I´m trying to use the File Reader Node to load thos series into KNIME, but have no clue how to transfer the link into something, the file reader can handle.
After 2 hours of reading Forum topics and surfing the web I hope someone of You gusy
has a hint for me.
First of all: Thank you for that workflow. Great visualisation of the COVID-19 pandemic.
One remark to this workflow: I have seen that to some reason the last day is kicked of from the data in the node “COVID-19 overview” (done by the row filter documented as “remove last day”). So as of today yesterdays data is not visualised. Any clue why this is done?
Furthermore to the visualisation I would like to compare countries with regards to the growth rate. So I would like to align the data to (typically diferent )starting date of these countries. Would it be possible to add that feature?
First Question: …So as of today yesterdays data is not visualized. Any clue why this is done?

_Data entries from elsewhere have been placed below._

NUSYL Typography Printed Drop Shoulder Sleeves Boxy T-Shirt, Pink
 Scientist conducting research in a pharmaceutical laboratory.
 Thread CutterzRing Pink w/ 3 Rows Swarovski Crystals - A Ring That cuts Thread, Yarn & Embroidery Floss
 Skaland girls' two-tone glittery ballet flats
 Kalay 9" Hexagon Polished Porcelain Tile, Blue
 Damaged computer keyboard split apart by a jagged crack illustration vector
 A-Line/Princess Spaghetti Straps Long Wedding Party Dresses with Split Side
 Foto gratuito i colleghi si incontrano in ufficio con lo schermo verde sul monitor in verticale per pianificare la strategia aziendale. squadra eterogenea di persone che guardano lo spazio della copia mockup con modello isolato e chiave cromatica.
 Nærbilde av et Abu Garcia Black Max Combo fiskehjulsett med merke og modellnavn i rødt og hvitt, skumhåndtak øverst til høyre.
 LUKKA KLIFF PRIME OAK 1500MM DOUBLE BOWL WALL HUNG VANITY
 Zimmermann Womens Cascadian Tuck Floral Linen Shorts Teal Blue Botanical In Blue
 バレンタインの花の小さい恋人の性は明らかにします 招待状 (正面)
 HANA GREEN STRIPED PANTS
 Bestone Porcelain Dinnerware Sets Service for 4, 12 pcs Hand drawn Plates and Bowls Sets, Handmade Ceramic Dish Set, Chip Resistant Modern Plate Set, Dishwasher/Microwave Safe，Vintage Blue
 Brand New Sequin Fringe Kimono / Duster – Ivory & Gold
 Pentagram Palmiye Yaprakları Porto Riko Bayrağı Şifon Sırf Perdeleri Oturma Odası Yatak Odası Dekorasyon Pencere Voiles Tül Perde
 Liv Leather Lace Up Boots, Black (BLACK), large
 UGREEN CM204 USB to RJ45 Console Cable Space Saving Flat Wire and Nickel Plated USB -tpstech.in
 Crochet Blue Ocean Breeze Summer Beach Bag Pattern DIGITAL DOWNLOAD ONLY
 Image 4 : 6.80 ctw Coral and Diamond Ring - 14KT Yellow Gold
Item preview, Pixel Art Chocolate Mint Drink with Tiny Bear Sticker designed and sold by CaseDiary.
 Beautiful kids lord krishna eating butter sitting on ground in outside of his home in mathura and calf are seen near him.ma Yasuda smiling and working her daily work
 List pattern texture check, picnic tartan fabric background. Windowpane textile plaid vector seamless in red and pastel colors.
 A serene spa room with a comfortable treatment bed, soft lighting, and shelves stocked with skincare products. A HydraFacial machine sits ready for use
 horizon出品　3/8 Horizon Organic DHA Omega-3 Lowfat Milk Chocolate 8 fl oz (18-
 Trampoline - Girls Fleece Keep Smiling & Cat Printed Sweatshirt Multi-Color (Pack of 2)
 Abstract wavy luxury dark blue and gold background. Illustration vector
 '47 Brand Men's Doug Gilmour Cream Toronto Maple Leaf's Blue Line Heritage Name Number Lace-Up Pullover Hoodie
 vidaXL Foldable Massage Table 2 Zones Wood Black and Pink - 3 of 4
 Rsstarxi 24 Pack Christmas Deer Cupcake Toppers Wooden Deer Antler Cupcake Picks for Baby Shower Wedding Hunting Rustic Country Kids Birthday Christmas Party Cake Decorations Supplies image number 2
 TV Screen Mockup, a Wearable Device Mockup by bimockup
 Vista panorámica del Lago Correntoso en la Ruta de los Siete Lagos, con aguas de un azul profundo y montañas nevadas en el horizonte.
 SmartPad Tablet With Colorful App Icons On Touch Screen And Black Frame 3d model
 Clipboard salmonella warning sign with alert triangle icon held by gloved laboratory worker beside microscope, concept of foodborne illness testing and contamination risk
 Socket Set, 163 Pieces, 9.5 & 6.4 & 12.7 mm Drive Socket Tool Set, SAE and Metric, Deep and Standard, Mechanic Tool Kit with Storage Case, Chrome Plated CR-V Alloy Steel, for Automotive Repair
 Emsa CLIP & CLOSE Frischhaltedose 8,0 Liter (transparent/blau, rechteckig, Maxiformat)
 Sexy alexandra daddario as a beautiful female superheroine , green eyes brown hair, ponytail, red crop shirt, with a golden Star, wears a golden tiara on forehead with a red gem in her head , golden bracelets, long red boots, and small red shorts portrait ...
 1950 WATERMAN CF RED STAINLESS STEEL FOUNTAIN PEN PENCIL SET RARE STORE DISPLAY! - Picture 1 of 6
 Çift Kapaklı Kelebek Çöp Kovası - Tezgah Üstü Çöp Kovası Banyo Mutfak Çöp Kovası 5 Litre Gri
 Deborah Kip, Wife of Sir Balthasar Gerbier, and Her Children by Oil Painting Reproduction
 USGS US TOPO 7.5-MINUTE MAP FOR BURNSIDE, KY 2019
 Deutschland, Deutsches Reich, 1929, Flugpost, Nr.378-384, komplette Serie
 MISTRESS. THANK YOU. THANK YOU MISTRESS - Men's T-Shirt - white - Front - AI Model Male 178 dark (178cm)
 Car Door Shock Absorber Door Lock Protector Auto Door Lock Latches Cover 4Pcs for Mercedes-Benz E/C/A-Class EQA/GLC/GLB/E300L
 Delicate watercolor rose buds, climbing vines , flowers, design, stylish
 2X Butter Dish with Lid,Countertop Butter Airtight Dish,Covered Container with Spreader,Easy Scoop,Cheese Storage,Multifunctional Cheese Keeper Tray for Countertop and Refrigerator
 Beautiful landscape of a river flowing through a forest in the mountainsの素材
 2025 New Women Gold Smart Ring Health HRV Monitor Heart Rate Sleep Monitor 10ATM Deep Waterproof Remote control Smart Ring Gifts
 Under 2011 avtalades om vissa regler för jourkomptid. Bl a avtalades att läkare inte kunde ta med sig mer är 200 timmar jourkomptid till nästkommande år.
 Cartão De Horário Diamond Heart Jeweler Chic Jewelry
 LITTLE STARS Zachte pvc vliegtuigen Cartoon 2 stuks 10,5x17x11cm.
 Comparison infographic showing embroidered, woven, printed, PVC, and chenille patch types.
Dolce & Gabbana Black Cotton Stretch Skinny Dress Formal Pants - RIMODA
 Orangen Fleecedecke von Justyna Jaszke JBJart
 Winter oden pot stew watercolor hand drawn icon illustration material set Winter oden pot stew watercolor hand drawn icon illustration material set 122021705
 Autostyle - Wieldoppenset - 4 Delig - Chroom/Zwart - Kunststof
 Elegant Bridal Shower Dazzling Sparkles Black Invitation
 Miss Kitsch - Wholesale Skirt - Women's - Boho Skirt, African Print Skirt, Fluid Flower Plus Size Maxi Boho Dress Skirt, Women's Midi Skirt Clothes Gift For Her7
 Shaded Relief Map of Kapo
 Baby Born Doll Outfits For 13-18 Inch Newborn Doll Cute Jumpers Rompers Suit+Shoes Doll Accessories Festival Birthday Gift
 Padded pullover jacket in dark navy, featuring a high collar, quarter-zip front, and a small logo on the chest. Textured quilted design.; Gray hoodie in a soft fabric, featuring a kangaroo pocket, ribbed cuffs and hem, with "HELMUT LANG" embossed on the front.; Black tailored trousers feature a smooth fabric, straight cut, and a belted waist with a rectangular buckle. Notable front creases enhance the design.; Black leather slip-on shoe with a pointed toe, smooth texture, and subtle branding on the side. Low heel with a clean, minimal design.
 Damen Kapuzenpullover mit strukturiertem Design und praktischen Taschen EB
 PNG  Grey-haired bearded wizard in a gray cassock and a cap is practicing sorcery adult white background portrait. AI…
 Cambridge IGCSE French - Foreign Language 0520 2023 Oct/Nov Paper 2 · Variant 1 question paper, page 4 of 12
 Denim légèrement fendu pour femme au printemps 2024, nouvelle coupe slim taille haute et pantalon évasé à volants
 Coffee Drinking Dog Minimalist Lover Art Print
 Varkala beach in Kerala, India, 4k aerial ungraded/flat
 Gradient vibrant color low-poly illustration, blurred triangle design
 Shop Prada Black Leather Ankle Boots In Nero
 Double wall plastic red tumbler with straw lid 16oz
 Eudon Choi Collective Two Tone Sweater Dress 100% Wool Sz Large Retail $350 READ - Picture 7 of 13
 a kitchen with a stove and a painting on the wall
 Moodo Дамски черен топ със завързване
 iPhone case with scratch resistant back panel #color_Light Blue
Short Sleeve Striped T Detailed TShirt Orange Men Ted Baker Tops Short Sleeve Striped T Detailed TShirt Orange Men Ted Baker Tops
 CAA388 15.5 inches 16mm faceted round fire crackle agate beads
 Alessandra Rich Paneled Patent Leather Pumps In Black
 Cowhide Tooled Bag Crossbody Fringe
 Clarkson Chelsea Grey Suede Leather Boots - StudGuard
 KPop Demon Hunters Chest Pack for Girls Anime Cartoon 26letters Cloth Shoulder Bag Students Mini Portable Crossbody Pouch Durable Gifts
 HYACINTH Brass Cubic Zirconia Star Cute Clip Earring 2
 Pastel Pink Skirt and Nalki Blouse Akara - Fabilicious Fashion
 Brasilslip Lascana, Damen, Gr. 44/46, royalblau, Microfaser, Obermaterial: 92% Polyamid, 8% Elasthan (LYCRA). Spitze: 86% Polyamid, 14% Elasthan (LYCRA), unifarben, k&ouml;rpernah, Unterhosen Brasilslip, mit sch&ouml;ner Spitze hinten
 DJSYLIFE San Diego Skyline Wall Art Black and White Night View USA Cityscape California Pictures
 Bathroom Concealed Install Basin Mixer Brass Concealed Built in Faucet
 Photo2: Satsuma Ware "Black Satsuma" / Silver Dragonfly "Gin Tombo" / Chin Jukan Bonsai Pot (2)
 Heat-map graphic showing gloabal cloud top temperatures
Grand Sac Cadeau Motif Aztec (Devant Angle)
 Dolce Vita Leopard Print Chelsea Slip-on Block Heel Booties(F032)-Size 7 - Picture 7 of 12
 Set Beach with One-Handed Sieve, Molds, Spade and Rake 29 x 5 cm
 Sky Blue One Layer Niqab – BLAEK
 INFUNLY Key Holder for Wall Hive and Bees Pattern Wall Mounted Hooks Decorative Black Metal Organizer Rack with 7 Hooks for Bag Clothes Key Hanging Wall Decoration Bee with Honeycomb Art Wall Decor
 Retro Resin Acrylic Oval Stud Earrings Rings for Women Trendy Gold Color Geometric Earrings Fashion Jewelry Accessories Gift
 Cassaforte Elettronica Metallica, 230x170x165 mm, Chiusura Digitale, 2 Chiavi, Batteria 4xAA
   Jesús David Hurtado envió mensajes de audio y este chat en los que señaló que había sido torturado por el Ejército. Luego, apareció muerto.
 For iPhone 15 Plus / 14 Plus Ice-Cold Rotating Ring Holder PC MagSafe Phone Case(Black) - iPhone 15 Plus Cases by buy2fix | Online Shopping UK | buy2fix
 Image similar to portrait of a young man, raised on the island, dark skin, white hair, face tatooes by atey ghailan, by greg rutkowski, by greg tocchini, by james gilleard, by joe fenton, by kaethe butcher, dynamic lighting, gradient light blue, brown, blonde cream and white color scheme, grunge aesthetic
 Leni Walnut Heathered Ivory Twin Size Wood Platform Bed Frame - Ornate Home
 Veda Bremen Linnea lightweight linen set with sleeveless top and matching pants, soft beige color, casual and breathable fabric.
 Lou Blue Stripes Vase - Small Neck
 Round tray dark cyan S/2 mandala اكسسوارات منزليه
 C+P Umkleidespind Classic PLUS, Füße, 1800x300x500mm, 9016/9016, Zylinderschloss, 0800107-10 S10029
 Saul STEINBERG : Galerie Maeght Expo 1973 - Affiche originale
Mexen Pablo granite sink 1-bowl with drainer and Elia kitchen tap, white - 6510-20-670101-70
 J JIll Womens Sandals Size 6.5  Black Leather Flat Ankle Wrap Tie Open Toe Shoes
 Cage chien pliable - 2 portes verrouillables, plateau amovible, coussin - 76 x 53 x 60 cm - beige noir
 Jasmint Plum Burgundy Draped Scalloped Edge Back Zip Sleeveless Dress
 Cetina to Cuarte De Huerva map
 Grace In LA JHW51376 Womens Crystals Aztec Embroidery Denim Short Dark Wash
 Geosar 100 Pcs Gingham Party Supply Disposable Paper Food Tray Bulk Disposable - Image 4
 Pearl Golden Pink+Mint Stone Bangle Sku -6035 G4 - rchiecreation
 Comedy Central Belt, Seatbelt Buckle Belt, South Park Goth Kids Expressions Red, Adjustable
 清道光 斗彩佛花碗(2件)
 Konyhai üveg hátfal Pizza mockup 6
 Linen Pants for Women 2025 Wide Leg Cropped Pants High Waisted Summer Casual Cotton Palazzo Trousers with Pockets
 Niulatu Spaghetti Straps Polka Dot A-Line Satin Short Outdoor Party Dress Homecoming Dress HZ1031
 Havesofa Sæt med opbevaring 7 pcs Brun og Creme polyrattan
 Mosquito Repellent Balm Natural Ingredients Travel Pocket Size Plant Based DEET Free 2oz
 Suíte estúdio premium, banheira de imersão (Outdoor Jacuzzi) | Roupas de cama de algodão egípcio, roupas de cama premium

This API is updating every hour by checking for new rows in yet another source: a GitHub repository maintained by Johns Hopkins University. It often happens that the last day in the dataset is missing new cases / deaths / recovered by some countries while it does not from some other. When this is the case I think the visualization of the last day is deceiving as it shows only partial data and we preferred to take it out. If you want to display also the most recent day feel free to remove the row filter.
Second Question: …So I would like to align the data to (typically different) starting date of these countries. Would it be possible to add that feature?
We are already doing this in the last line plot in the last view. Check out this twitter post to see how it looks like:
We use as the start date the first day with at least 20 cases, but if you want to change that find the row filter in the last component on top of that Line Plot node “line shifted” and change “20” to “1”.
@paolotamag Thank you for your fast support to add this feature to the visualisation.
Now it is much easier to see the pandemic bahaviour in the different countries.
But getting requests resolved creates new ideas: What about a normalisation of the cases to the country size (population)? If I think about China (1.4 Billion people) vs. Italy (60 Mio people). That should make a difference in the number of total cases, but unfortuntely it does not.
Hi @knimediger, I did not add anything, it was already there
Regarding normalization on country population I do agree it would make things more proportionate.
Feel free to:
Download the Workflow
Download a table from the internet with population of each country (I do not think it’s provided by the sources I have been using but you can easily find a csv via Google)
Blend this new source with the data rows in the workflow using a Joiner node on Country right before the first Component
Divide each double column by the value of the new column “Population” using this Math Formula (Multi Column)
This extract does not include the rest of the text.